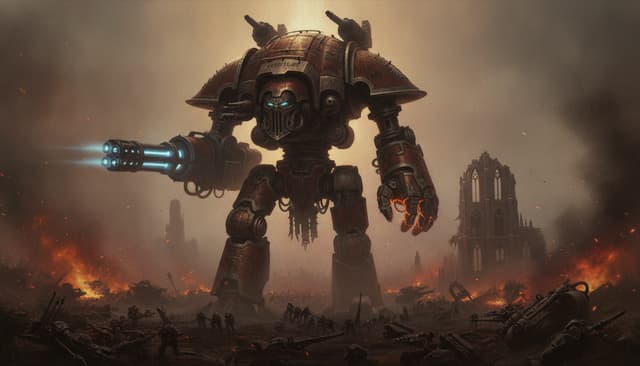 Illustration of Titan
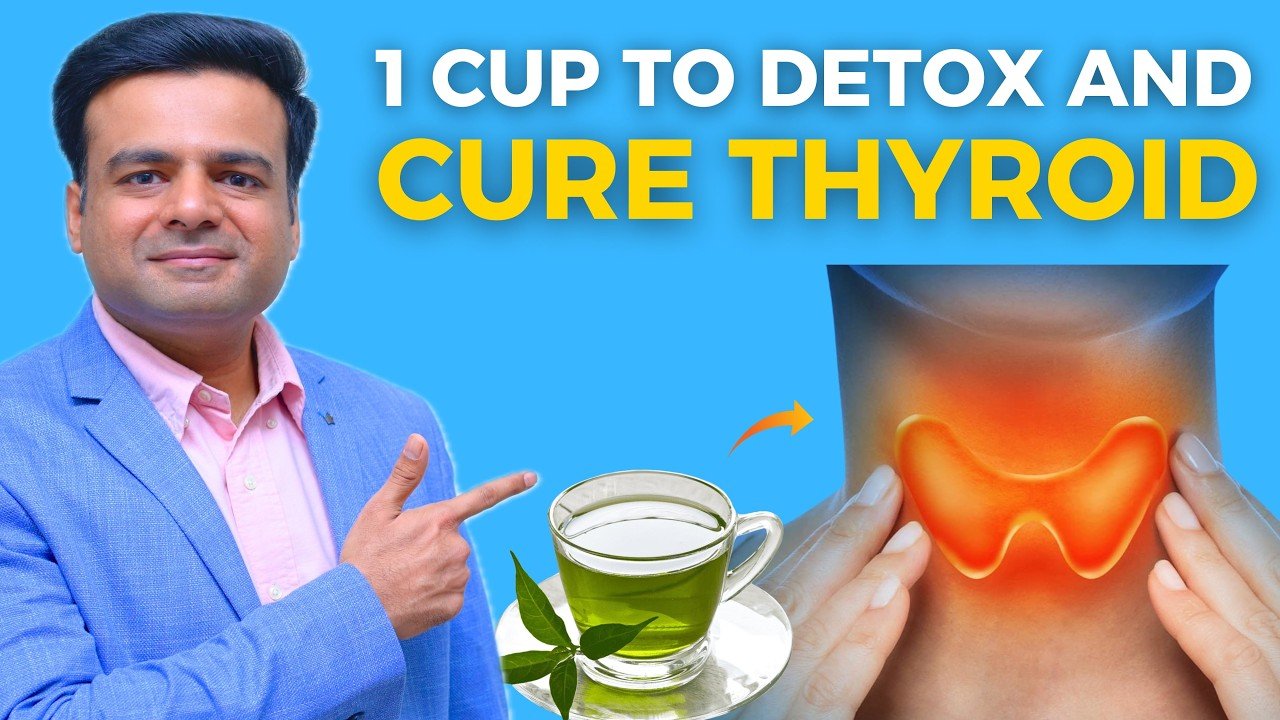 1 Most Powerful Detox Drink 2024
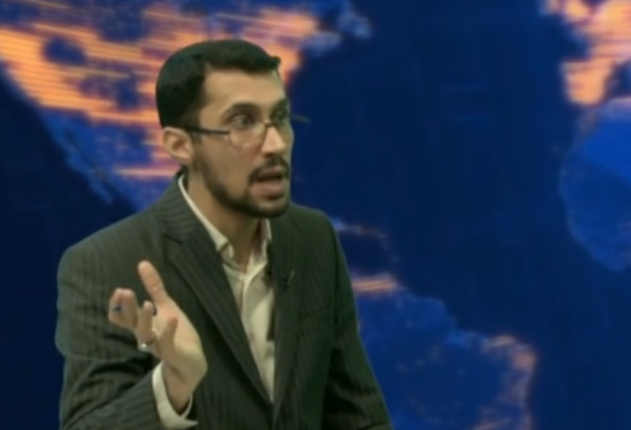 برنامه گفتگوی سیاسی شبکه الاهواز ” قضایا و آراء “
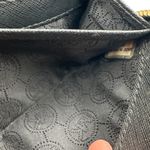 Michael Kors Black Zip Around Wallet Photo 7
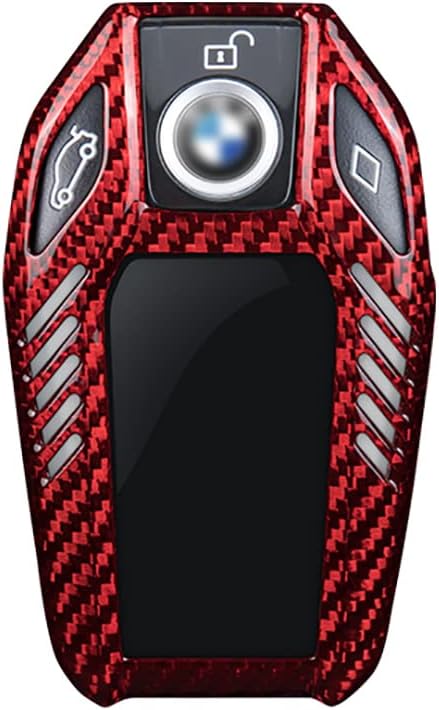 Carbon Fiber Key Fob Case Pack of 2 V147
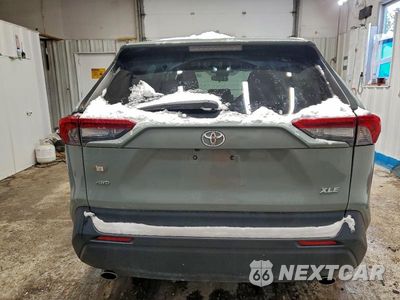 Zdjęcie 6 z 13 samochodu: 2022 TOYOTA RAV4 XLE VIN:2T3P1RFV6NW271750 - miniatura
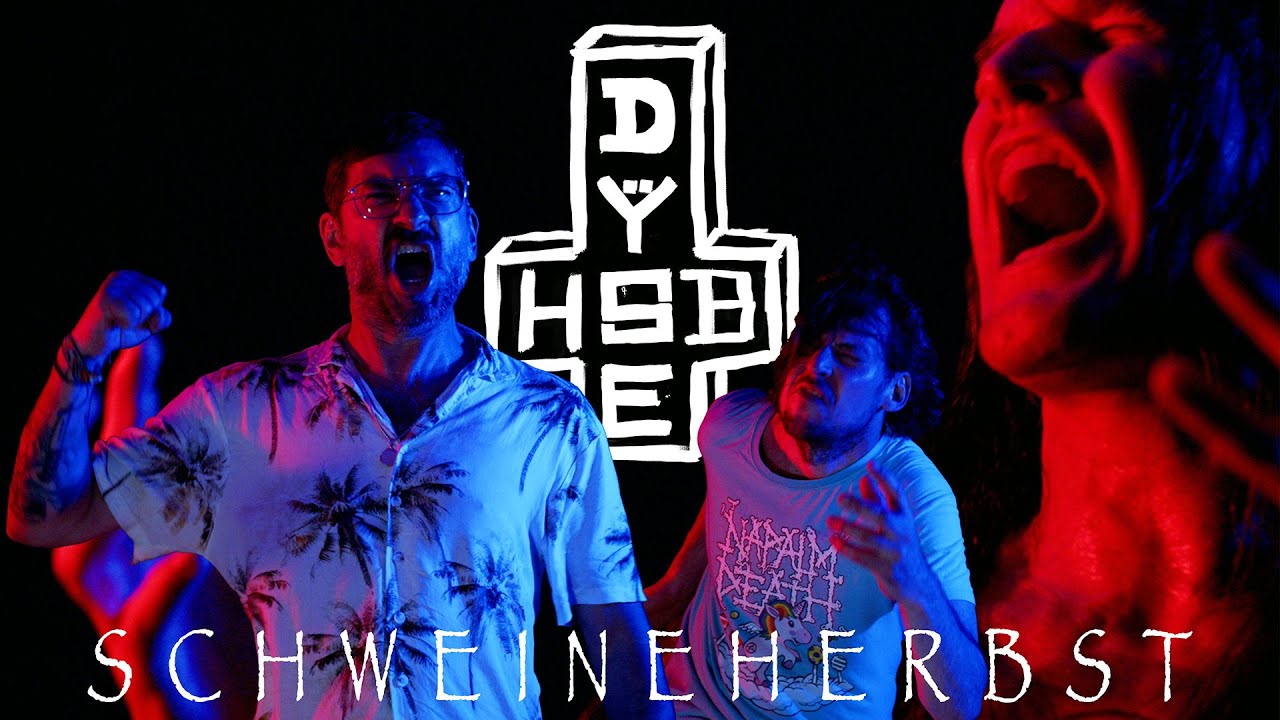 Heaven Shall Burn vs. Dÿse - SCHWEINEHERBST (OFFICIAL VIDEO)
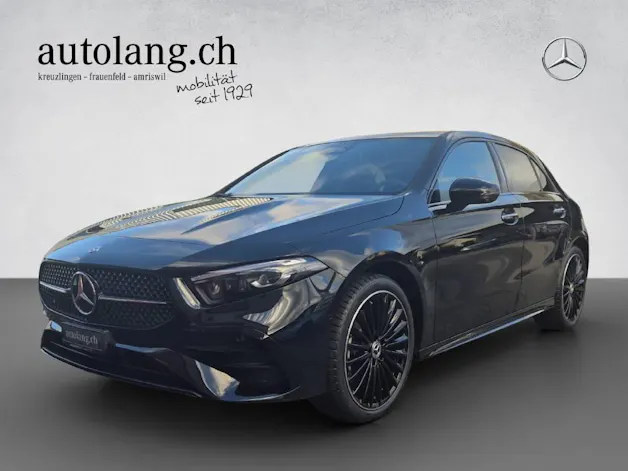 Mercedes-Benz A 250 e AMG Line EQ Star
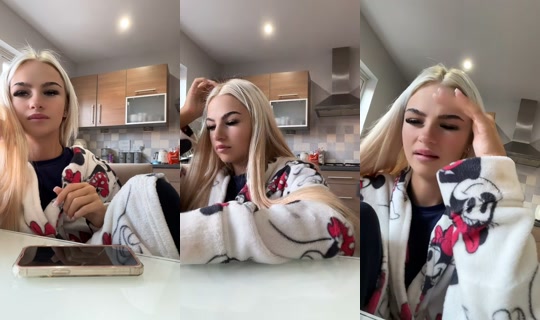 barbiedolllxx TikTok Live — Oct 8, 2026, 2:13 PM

---

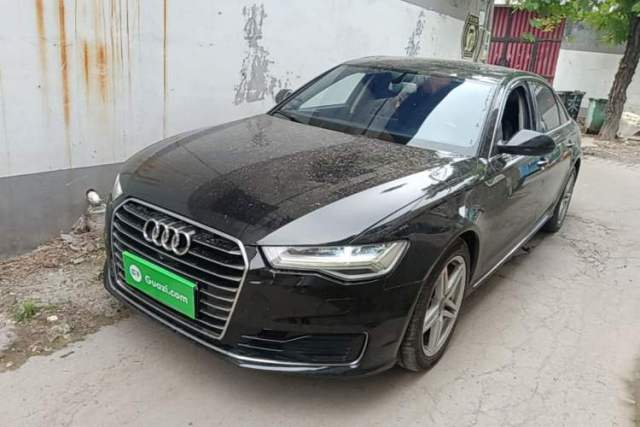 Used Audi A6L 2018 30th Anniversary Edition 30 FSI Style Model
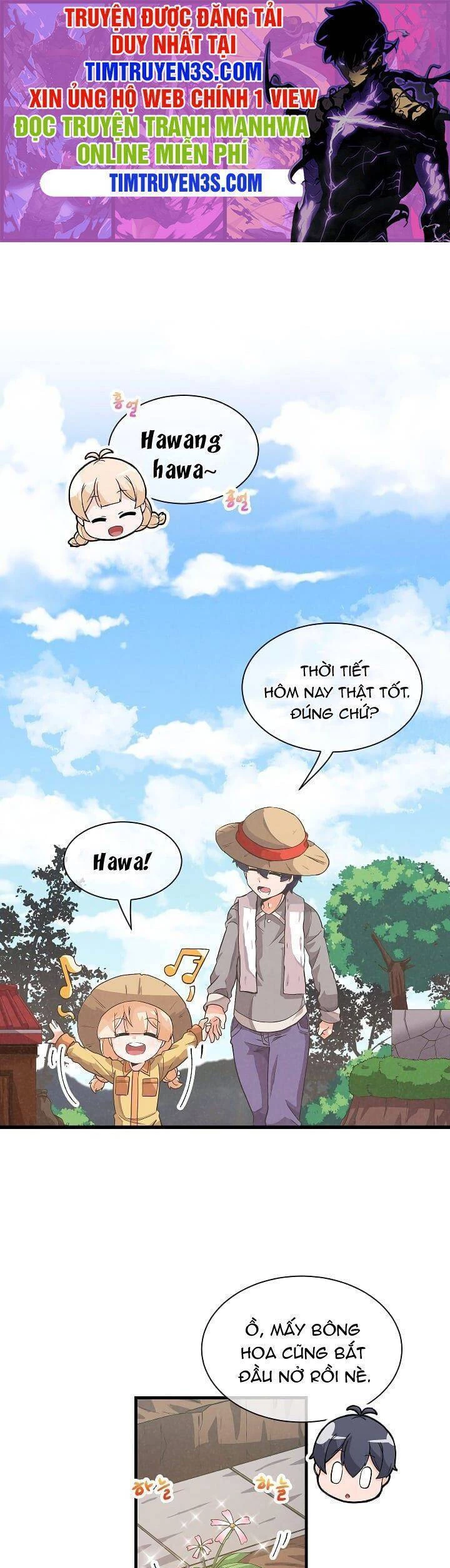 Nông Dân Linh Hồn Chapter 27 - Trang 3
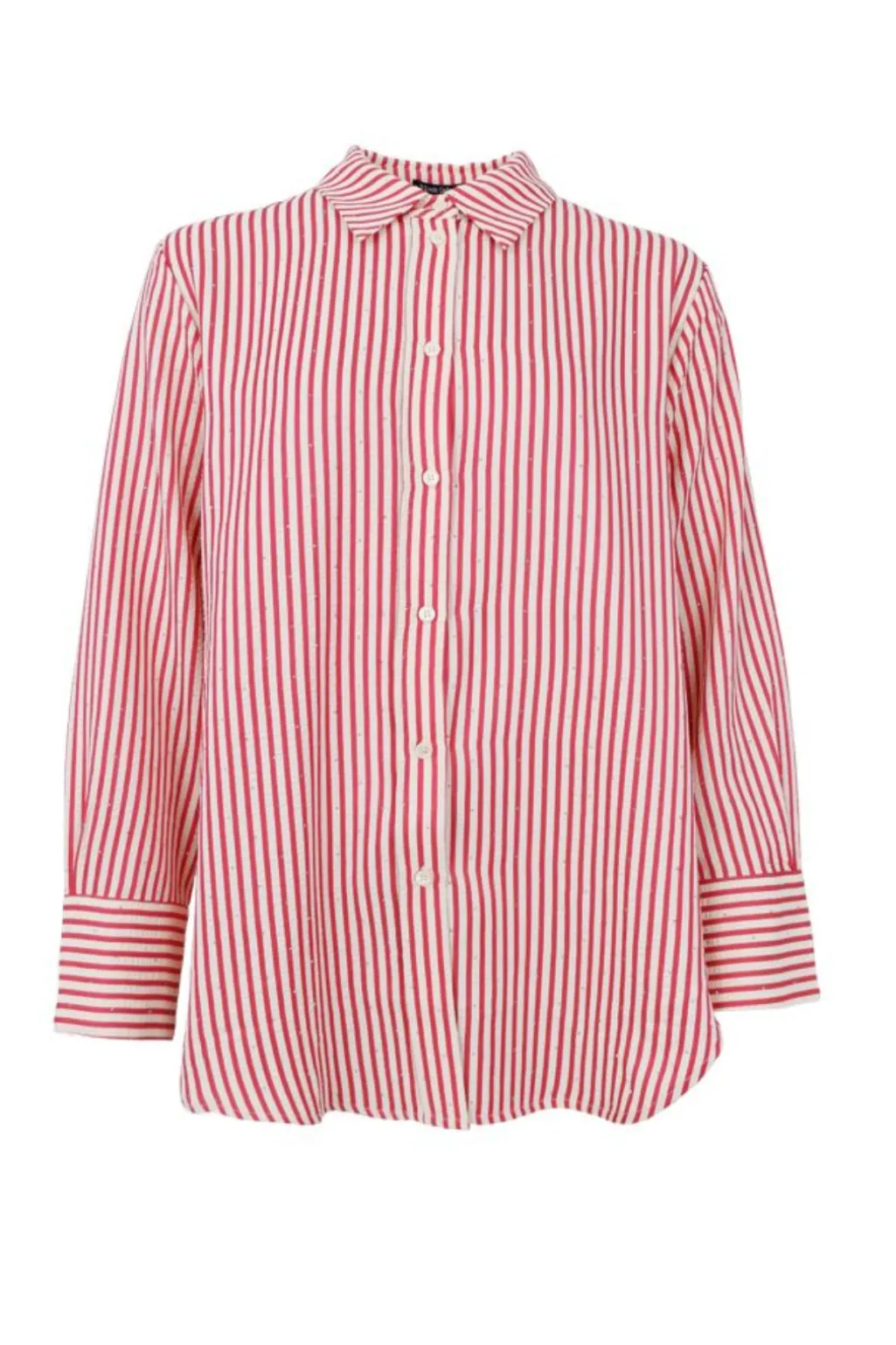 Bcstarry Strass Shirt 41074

(What to produce):
Take the material above and output only the lines from the one that contains "Michael Kors Black Zip Around Wallet Photo 7" through the one that contains "barbiedolllxx TikTok Live", ends included and images left out.

(Result for this task):
 Michael Kors Black Zip Around Wallet Photo 7
 Carbon Fiber Key Fob Case Pack of 2 V147
 Zdjęcie 6 z 13 samochodu: 2022 TOYOTA RAV4 XLE VIN:2T3P1RFV6NW271750 - miniatura
 Heaven Shall Burn vs. Dÿse - SCHWEINEHERBST (OFFICIAL VIDEO)
 Mercedes-Benz A 250 e AMG Line EQ Star
 barbiedolllxx TikTok Live — Oct 8, 2026, 2:13 PM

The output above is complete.